> GIVEN INFORMATION:
————————
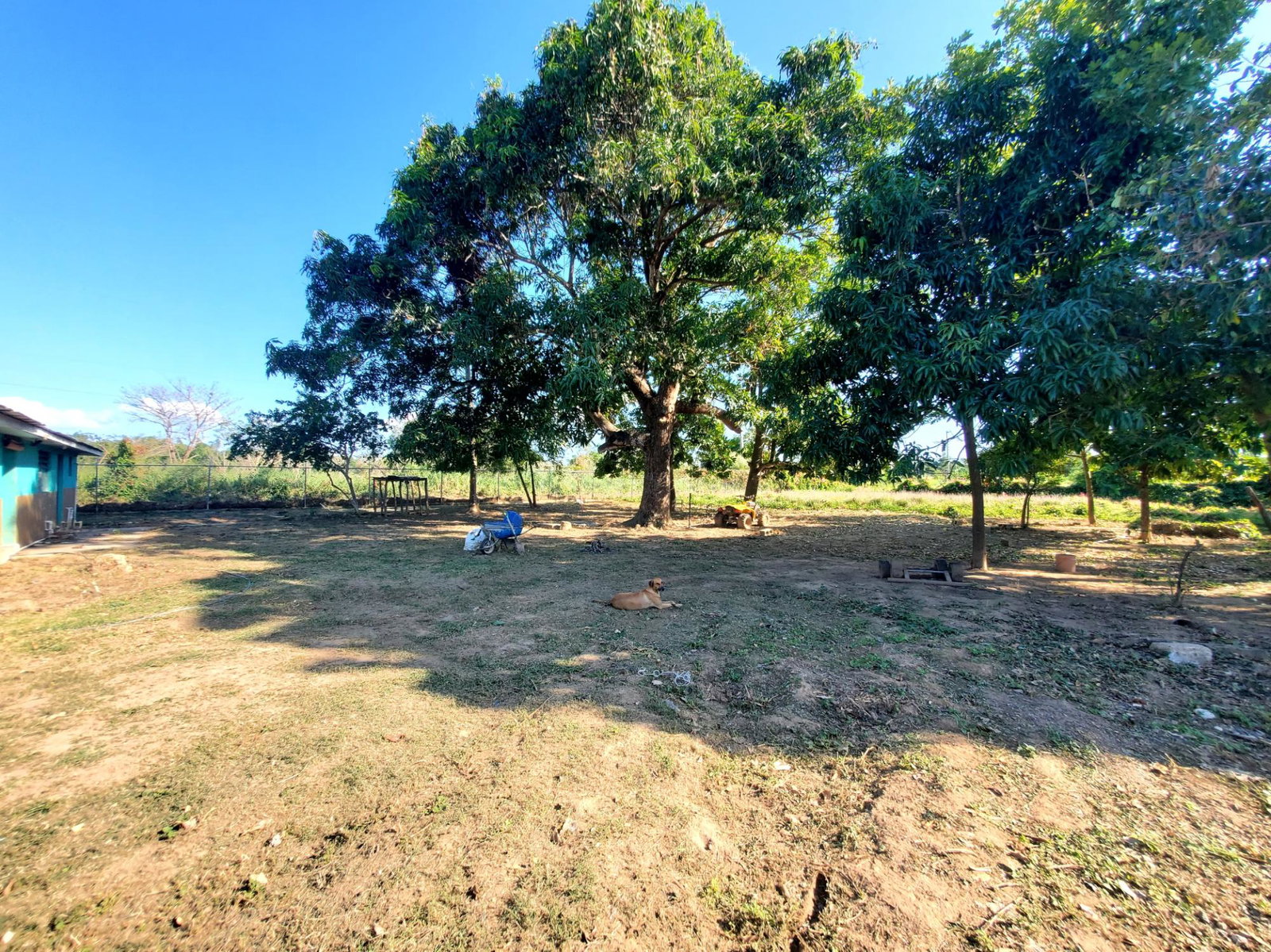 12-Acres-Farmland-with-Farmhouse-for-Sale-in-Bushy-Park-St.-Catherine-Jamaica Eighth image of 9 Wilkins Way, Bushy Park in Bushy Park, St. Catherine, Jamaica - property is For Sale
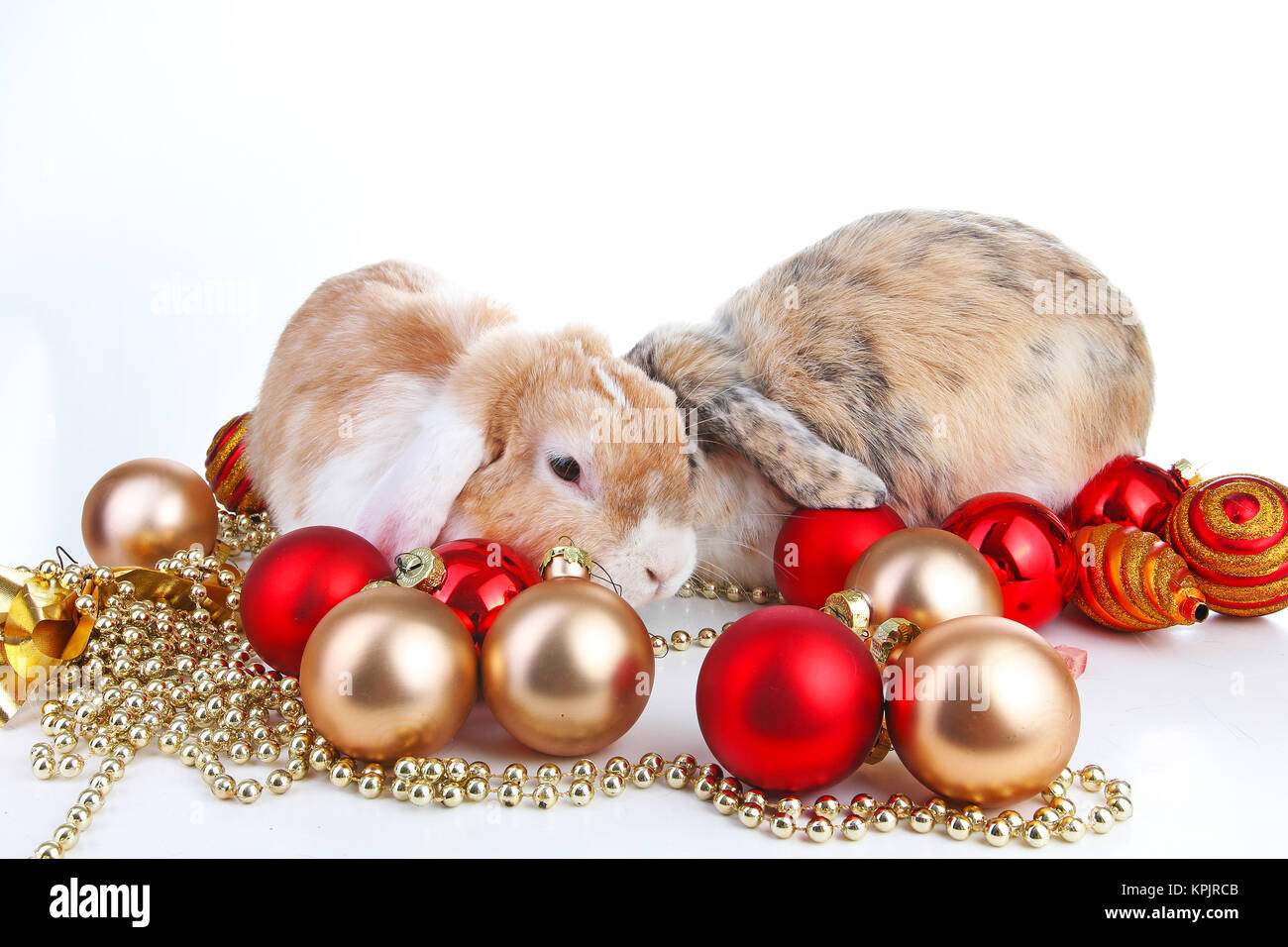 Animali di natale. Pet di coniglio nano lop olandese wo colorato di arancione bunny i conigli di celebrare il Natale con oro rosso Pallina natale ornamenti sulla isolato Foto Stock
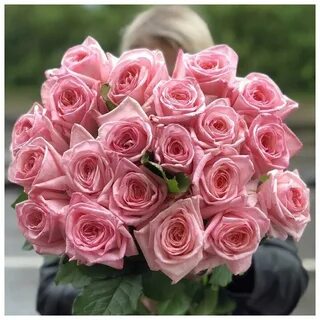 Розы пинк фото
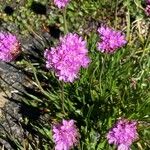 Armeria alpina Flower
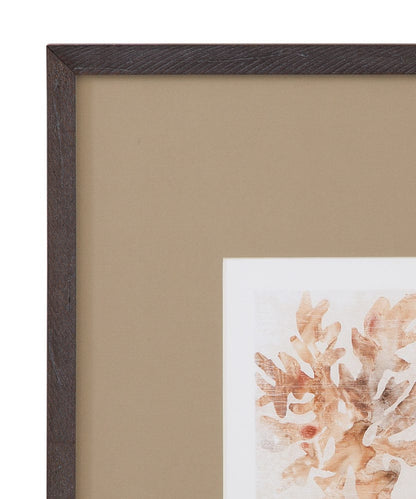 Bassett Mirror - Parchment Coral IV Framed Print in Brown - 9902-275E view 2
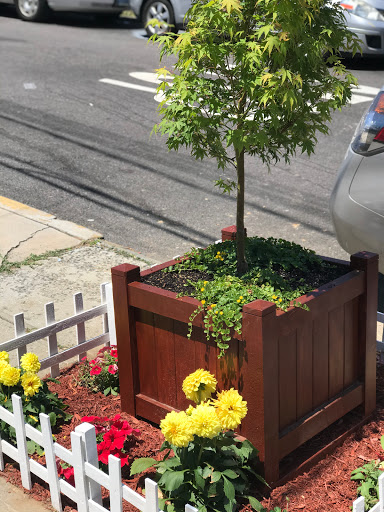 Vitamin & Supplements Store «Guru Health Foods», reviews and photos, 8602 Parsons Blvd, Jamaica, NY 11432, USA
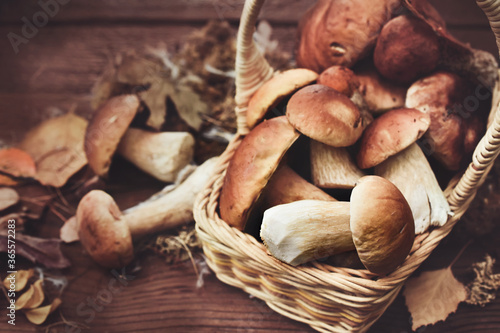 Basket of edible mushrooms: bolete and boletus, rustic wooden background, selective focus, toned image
————————
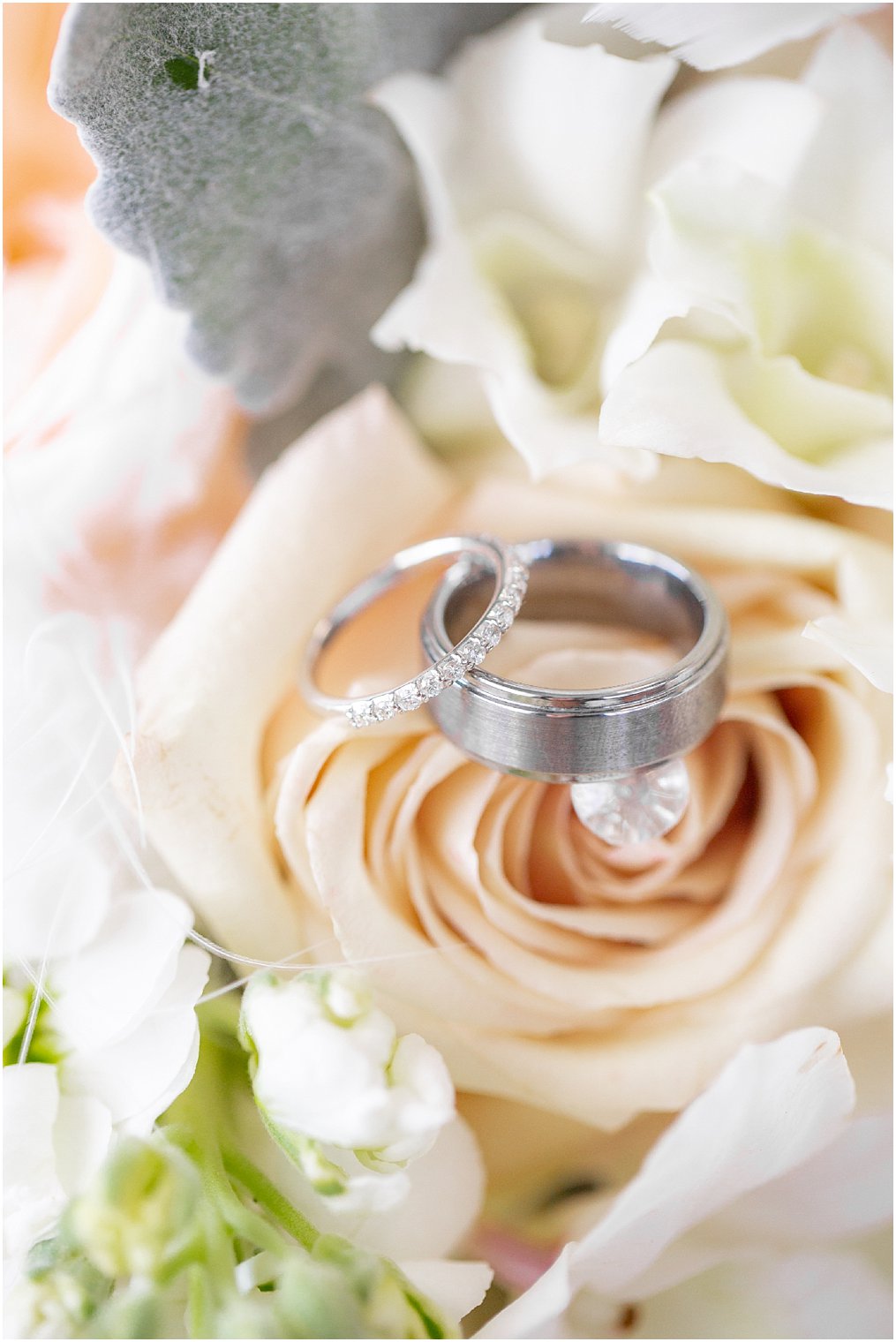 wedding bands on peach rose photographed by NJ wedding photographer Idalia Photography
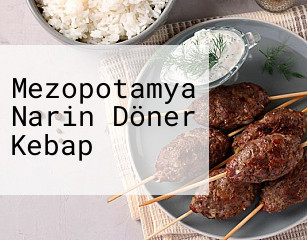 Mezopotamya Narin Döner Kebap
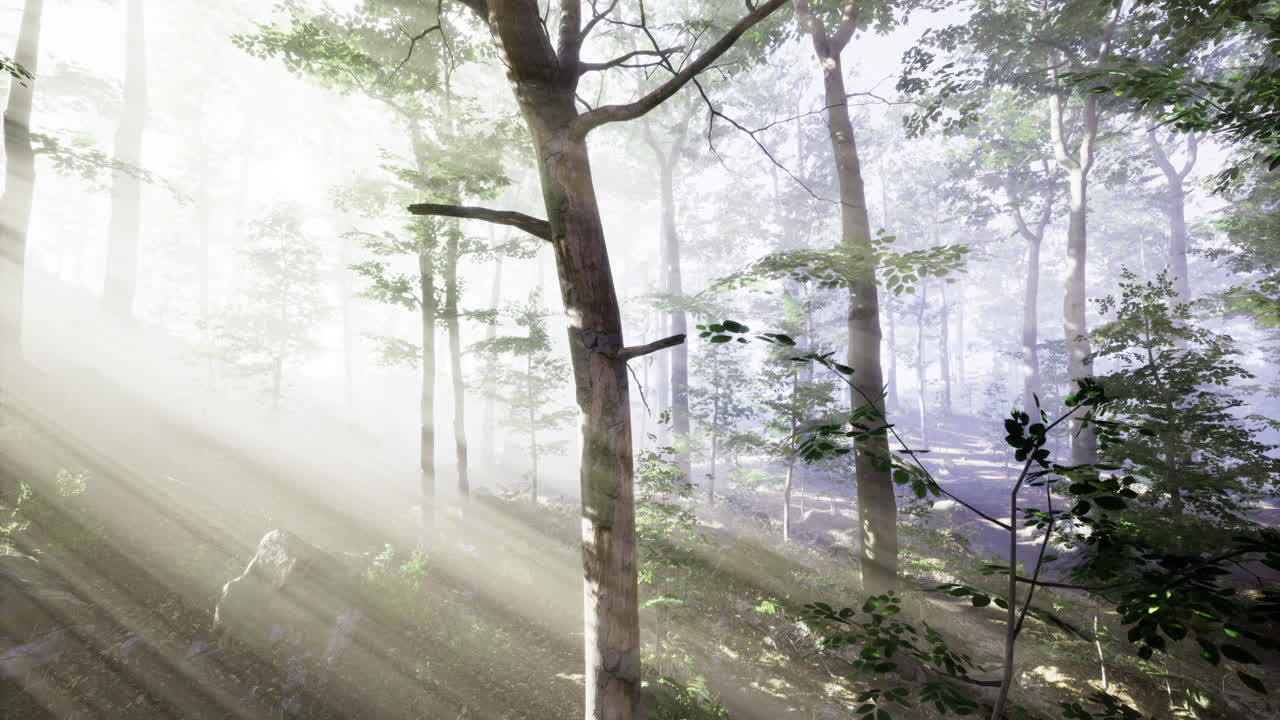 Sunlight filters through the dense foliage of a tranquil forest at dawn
————————
> AIM OF THE EXERCISE:
What's needed is an exact copy of the lines above from the one with "Armeria alpina Flower" through the one with "Basket of edible", both included; the pictures stay out.

> ANSWER BOX:
 Armeria alpina Flower
 Bassett Mirror - Parchment Coral IV Framed Print in Brown - 9902-275E view 2
 Vitamin & Supplements Store «Guru Health Foods», reviews and photos, 8602 Parsons Blvd, Jamaica, NY 11432, USA
 Basket of edible mushrooms: bolete and boletus, rustic wooden background, selective focus, toned image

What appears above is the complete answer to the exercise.